With the NCHW/NHWC tranposes removed, we see another modest gain in throughput. You can run another profile (using --config=bs256-amp-nhwc-prof) with Nsight Systems. Loading this profile and zooming into a single iteration, this is what we see now:

Using the NHWC memory format with AMP, we see that the forward/loss/backward times are reduced further due to no longer calling the transpose kernels. Now we can move onto some other small PyTorch-specific optimizations to deal with the remaining sections that stand out in the profile.

Applying additional PyTorch optimizations

With the forward and backward pass accelerated with AMP and NHWC memory layout, the remaining NVTX ranges we added to the profile stand out, namely the zero_grad marker and optimizer.step.

To speed up the zero_grad, we can add the following argument to the zero_grad call:

self.model.zero_grad(set_to_none=True)

This optional argument allows PyTorch to skip memset operations to zero out gradients and also allows PyTorch to set gradients with a single write (= operator) instead of a read/write (+= operator).

If we look closely at the optimizer.step range in the profile, we see that there are many indivdual pointwise operation kernels launched. To make this more efficient, we can replace the native PyTorch SGD optimizer with the FusedSGD optimizer from the Apex package, which fuses many of these pointwise operations.

Finally, as a general optimization, we add the line torch.backends.cudnn.benchmark = True to the start of training to enable cuDNN autotuning. This will allow cuDNN to test and select algorithms that run fastest on your system/model.

Search train.py for comments labeled # EXTRA to see where we've added changes for these additional optimizations.

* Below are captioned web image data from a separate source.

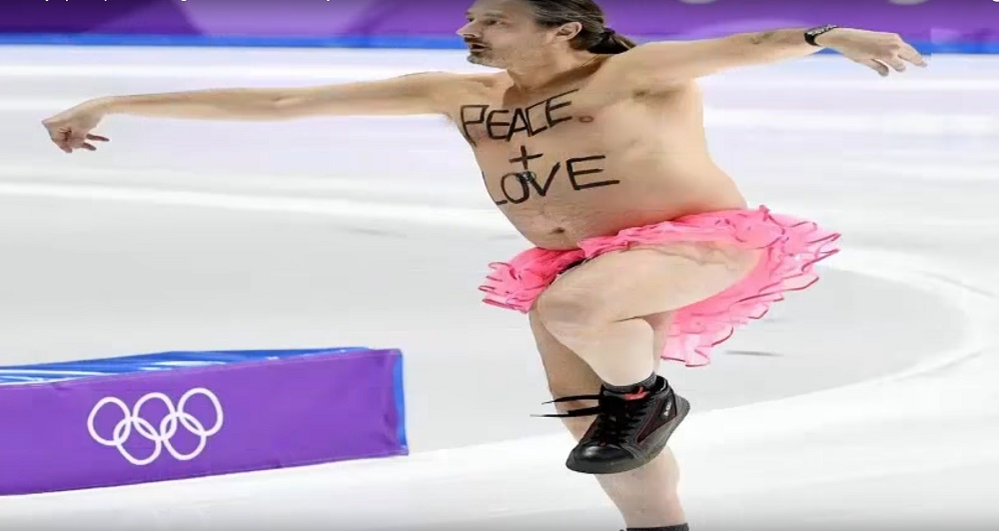 VIDEO / Îmbrăcat doar cu un tutu roz și pantofi sport, un bărbat a făcut show la Jocurile Olimpice de Iarnă 2018! Toată lumea a văzut ce ascundea între picioare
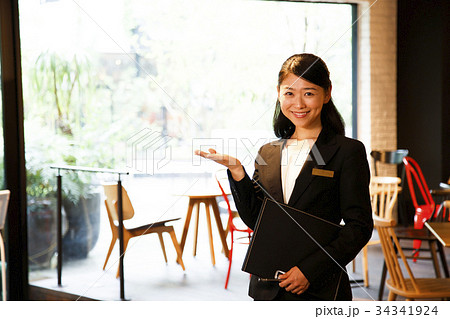 ホテル ホテルマン コンシェルジュ 女性 旅行 撮影協力 Tenoha Daikanyamaの写真素材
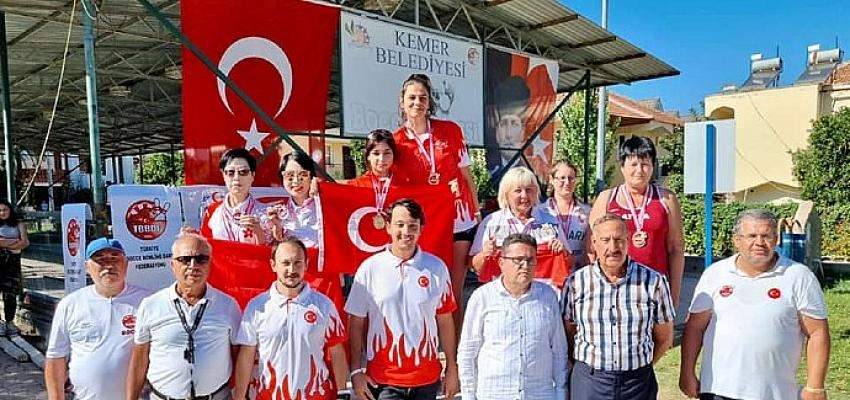 Kemer’de Bocce heyecanı sürüyor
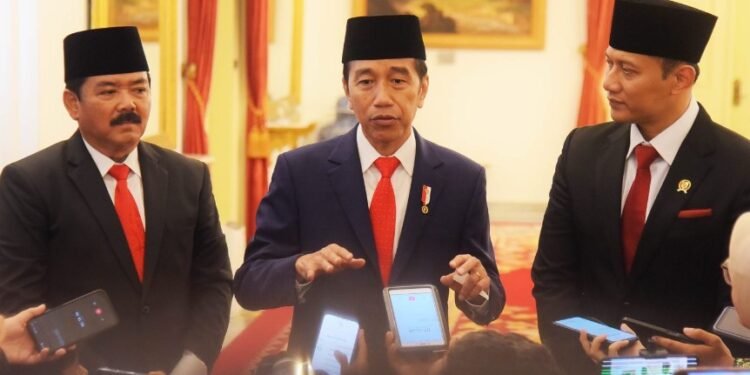 Presiden Jokowi memberikan keterangan pers usai pelantikan Hadi Tjahjanto dan AHY, Rabu (21/02/2024).(Foto:Setkab RI)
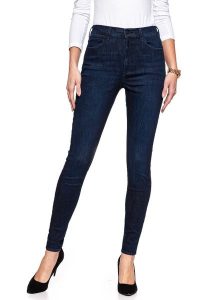 WRANGLER SUPER HIGH SKINNY TAINTED BLUE W27WSZ21H 112128196. Niebieskie rurki Wrangler, z jeansu. W wyprzedaży za 89,99 zł.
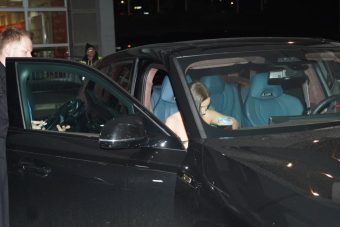 Александра Пријовиќ тајно избега од породилиштето! Пејачката по втор пат направи ист чекор!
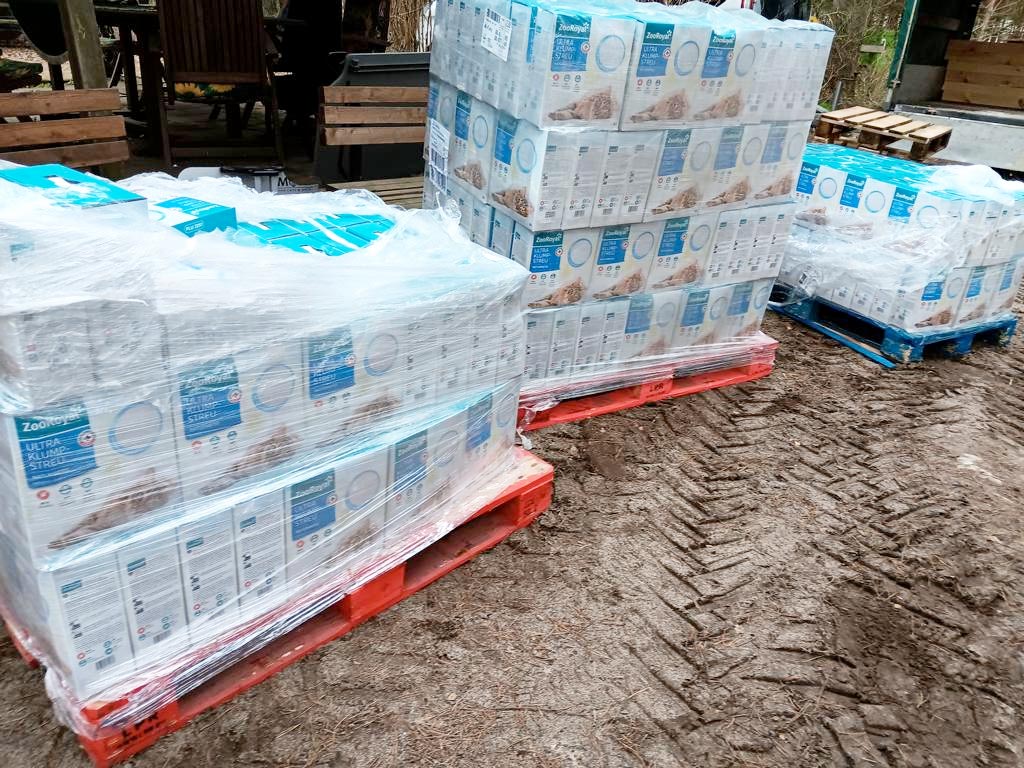 katzenstreu palette fürs Tierheim Brandenburg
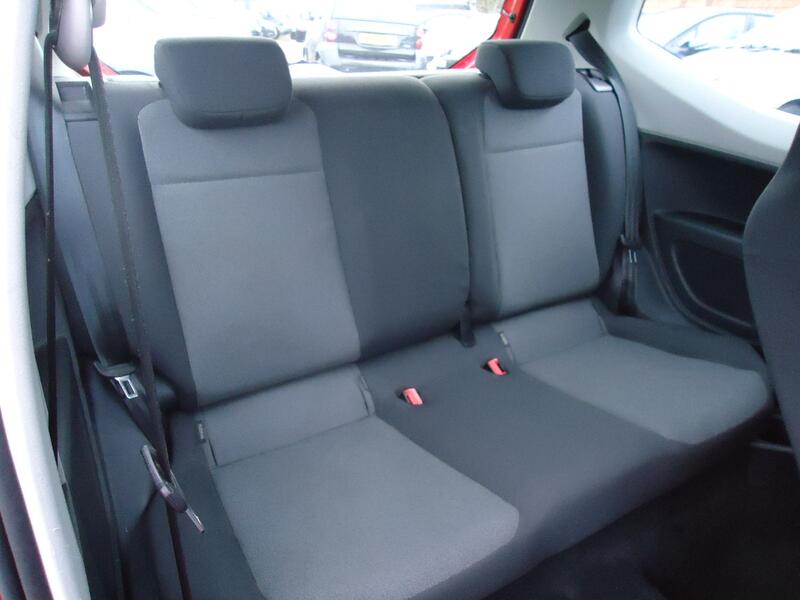 VOLKSWAGEN UP 1.0 BlueMotion Tech Move up! 2014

To run the script on a single GPU with AMP enabled, NHWC memory format and these additional optimizations, use the following command:

$ python -m torch.distributed.launch --nproc_per_node=1 train.py --config=bs256-amp-nhwc-extra-opts

With all these features enabled, this is the performance of the script using the NGC PyTorch 20.10 container for the first two epochs on a 16GB V100 card:

INFO - Starting Training Loop...
INFO - Epoch: 1, Iteration: 0, Avg img/sec: 51.52879474970972
INFO - Epoch: 1, Iteration: 20, Avg img/sec: 2428.815812361664
INFO - Epoch: 1, Iteration: 40, Avg img/sec: 2471.928460752096
INFO - Epoch: 1, Iteration: 60, Avg img/sec: 2461.6635515925623
INFO - Epoch: 1, Iteration: 80, Avg img/sec: 2461.5230335547976
INFO - Epoch: 1, Iteration: 100, Avg img/sec: 2470.371590429863
INFO - Epoch: 1, Iteration: 120, Avg img/sec: 2462.8998420750218
INFO - Epoch: 1, Iteration: 140, Avg img/sec: 2567.007655538539
INFO - Epoch: 1, Iteration: 160, Avg img/sec: 2531.0173058079126
INFO - Epoch: 1, Iteration: 180, Avg img/sec: 2577.144387068793
INFO - Time taken for epoch 1 is 30.52899408340454 sec
INFO - Epoch: 2, Iteration: 0, Avg img/sec: 410.57308753695185
INFO - Epoch: 2, Iteration: 20, Avg img/sec: 2547.8182536936824
INFO - Epoch: 2, Iteration: 40, Avg img/sec: 2519.104752035505
INFO - Epoch: 2, Iteration: 60, Avg img/sec: 2529.822264348943
INFO - Epoch: 2, Iteration: 80, Avg img/sec: 2539.450348785371
INFO - Epoch: 2, Iteration: 100, Avg img/sec: 2533.167522740291
INFO - Epoch: 2, Iteration: 120, Avg img/sec: 2542.63597641221
INFO - Epoch: 2, Iteration: 140, Avg img/sec: 2502.990963521907
INFO - Epoch: 2, Iteration: 160, Avg img/sec: 2525.3185224087124
INFO - Epoch: 2, Iteration: 180, Avg img/sec: 2501.353650885946
INFO - Time taken for epoch 2 is 25.808385372161865 sec

We can run a final profile with all the optimizations enabled (using --config=bs256-amp-nhwc-extra-opts-prof) with Nsight Systems. Loading this profile and zooming into a single iteration, this is what we see now: With these additional optimizations enabled in PyTorch, we see the length of the zero_grad and optimizer.step ranges are greatly reduced, as well as a small improvement in the forward/loss/backward time.

Distributed GPU training

Now that we have model training code that is optimized for training on a single GPU, we are ready to utilize multiple GPUs and multiple nodes to accelerate the workflow with distributed training. We will use the recommended DistributedDataParallel wrapper in PyTorch with the NCCL backend for optimized communication operations on systems with NVIDIA GPUs. Refer to the PyTorch documentation for additional details on the distributed package: https://pytorch.org/docs/stable/distributed.html

Code basics

We use the torch.distributed.launch utility for launching training processes on one node, one per GPU. The submit_multinode.slr script shows how we use the utility with SLURM to launch the tasks on each node in our system allocation.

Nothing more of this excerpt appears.